## EXERCISE PROMPT
Copy the entries exactly, leaving out nothing.

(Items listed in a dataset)
────────────────

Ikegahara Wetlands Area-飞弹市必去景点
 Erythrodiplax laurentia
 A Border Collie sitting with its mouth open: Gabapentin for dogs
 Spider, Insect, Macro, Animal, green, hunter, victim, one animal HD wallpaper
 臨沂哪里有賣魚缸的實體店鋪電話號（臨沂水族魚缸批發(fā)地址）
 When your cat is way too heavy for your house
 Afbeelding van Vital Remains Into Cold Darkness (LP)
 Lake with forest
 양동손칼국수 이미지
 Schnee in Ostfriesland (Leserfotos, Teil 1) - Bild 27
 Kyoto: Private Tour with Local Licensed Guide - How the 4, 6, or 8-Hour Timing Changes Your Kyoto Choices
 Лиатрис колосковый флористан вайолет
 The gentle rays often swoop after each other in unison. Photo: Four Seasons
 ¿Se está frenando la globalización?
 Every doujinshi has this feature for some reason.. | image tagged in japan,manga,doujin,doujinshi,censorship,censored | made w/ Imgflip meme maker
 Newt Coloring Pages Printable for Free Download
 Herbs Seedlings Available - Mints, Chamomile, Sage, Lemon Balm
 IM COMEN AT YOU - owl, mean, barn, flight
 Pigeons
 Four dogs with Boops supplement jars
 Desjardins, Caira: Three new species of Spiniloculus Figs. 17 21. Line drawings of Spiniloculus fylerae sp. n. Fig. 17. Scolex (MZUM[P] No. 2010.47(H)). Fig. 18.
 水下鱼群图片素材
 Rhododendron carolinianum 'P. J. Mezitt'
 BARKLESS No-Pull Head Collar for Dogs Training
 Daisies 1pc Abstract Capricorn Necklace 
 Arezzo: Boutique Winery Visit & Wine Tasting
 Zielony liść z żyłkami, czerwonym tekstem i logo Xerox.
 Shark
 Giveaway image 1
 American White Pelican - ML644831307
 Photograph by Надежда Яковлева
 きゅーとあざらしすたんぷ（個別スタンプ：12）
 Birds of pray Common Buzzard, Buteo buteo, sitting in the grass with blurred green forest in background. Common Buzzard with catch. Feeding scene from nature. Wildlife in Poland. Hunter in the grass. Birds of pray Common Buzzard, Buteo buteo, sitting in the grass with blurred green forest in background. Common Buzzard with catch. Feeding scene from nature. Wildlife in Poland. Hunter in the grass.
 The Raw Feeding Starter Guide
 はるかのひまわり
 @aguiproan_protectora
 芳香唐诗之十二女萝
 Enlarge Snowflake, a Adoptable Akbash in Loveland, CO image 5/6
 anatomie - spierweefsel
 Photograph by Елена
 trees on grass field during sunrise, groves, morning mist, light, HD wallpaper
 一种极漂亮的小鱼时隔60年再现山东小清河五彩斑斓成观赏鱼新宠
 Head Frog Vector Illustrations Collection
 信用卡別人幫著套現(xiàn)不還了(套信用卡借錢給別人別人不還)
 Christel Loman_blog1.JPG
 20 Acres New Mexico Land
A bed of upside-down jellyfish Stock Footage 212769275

────────────────

## ANSWER TO THE EXERCISE
Ikegahara Wetlands Area-飞弹市必去景点
 Erythrodiplax laurentia
 A Border Collie sitting with its mouth open: Gabapentin for dogs
 Spider, Insect, Macro, Animal, green, hunter, victim, one animal HD wallpaper
 臨沂哪里有賣魚缸的實體店鋪電話號（臨沂水族魚缸批發(fā)地址）
 When your cat is way too heavy for your house
 Afbeelding van Vital Remains Into Cold Darkness (LP)
 Lake with forest
 양동손칼국수 이미지
 Schnee in Ostfriesland (Leserfotos, Teil 1) - Bild 27
 Kyoto: Private Tour with Local Licensed Guide - How the 4, 6, or 8-Hour Timing Changes Your Kyoto Choices
 Лиатрис колосковый флористан вайолет
 The gentle rays often swoop after each other in unison. Photo: Four Seasons
 ¿Se está frenando la globalización?
 Every doujinshi has this feature for some reason.. | image tagged in japan,manga,doujin,doujinshi,censorship,censored | made w/ Imgflip meme maker
 Newt Coloring Pages Printable for Free Download
 Herbs Seedlings Available - Mints, Chamomile, Sage, Lemon Balm
 IM COMEN AT YOU - owl, mean, barn, flight
 Pigeons
 Four dogs with Boops supplement jars
 Desjardins, Caira: Three new species of Spiniloculus Figs. 17 21. Line drawings of Spiniloculus fylerae sp. n. Fig. 17. Scolex (MZUM[P] No. 2010.47(H)). Fig. 18.
 水下鱼群图片素材
 Rhododendron carolinianum 'P. J. Mezitt'
 BARKLESS No-Pull Head Collar for Dogs Training
 Daisies 1pc Abstract Capricorn Necklace 
 Arezzo: Boutique Winery Visit & Wine Tasting
 Zielony liść z żyłkami, czerwonym tekstem i logo Xerox.
 Shark
 Giveaway image 1
 American White Pelican - ML644831307
 Photograph by Надежда Яковлева
 きゅーとあざらしすたんぷ（個別スタンプ：12）
 Birds of pray Common Buzzard, Buteo buteo, sitting in the grass with blurred green forest in background. Common Buzzard with catch. Feeding scene from nature. Wildlife in Poland. Hunter in the grass. Birds of pray Common Buzzard, Buteo buteo, sitting in the grass with blurred green forest in background. Common Buzzard with catch. Feeding scene from nature. Wildlife in Poland. Hunter in the grass.
 The Raw Feeding Starter Guide
 はるかのひまわり
 @aguiproan_protectora
 芳香唐诗之十二女萝
 Enlarge Snowflake, a Adoptable Akbash in Loveland, CO image 5/6
 anatomie - spierweefsel
 Photograph by Елена
 trees on grass field during sunrise, groves, morning mist, light, HD wallpaper
 一种极漂亮的小鱼时隔60年再现山东小清河五彩斑斓成观赏鱼新宠
 Head Frog Vector Illustrations Collection
 信用卡別人幫著套現(xiàn)不還了(套信用卡借錢給別人別人不還)
 Christel Loman_blog1.JPG
 20 Acres New Mexico Land
A bed of upside-down jellyfish Stock Footage 212769275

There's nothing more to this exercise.